Une semaine après, l’attaque du Hamas le 7 octobre au matin apparaît comme la plus grande faillite des services de renseignement israéliens depuis 1973. L’ampleur du désastre était soulignée par Nitzan Horowitz, ancien ministre de la santé et opposant à Benjamin Netanyahou, dans un entretien : « Une attaque comme celle perpétrée par le Hamas depuis samedi se prépare depuis de longs mois : il faut s’approvisionner en armes, entraîner des soldats, faire des plans, répéter l’opération, etc.
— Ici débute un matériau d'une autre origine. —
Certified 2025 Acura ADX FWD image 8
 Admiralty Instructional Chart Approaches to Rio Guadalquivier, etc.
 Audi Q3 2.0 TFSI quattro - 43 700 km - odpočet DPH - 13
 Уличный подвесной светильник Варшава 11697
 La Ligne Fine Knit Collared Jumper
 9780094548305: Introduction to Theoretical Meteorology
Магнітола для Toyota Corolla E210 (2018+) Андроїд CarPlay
Que notre renseignement ait été incapable de voir cela me laisse avec beaucoup de questions. »
Deux des composantes du renseignement isralien sont particulièrement en cause : le Shin Bet, le service de renseignement intérieur israélien, qui est à la fois en charge du contre-espionnage et de l’antiterrorisme ; Aman, la direction militaire du renseignement.
- Il semblerait que les deux services aient sous-estimé la capacité du Hamas à mener une attaque de cette ampleur.
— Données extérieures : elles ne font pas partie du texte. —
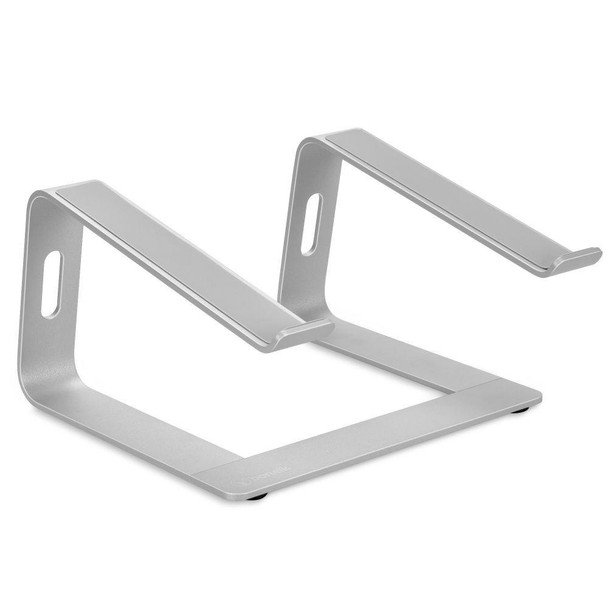 Bonelk-Elevate-Stance-Aluminium-Riser-Laptop-Stand-(Silver)-ELK-70420-R-Rosman-Australia-1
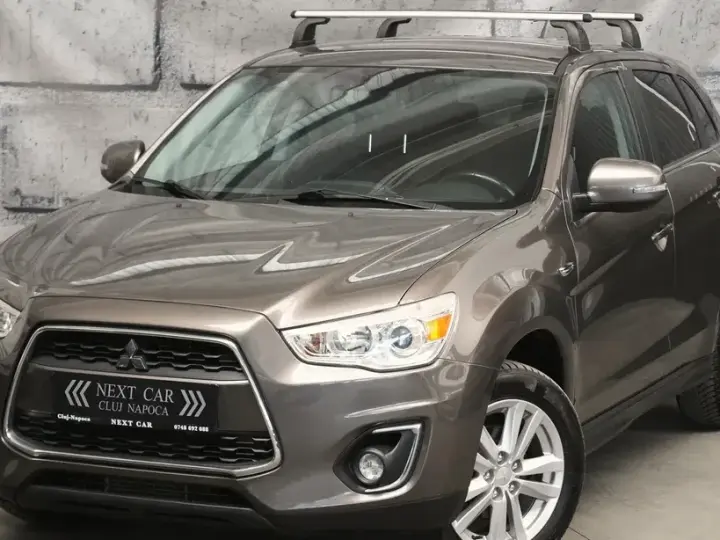 Mitsubishi ASX 1.8 DI-D 4WD Intense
- La veille de l’attaque, Ronen Bar, le directeur du Shin Bet, et Aharon Haliva, le général commandant Aman, ont participé à des consultations à propos d’informations transmises par les services de renseignement sur l’activité inhabituelle qui était déployée à Gaza, pouvant laisser penser qu’une attaque se préparait.
- L’objectif de ces réunions était d’évaluer si ces renseignements devaient être pris au sérieux. Pendant ces échanges, la question de déployer plus de troupes autour de Gaza a été discutée, mais les responsables militaires et du renseignement ont préféré attendre de recevoir plus d’informations, se contentant de déployer une équipe de forces spéciales du Shin Bet et une équipe spécialisée dans l’antiterrorisme de Aman.
- De leur côté, les bureaux du Premier ministre affirment que celui n’avait pas été informé de ces consultations. Il aurait reçu des premières informations sur l’activité déployée à Gaza le 7 octobre à 6:30 du matin, soit au moment où l’attaque avait commencé.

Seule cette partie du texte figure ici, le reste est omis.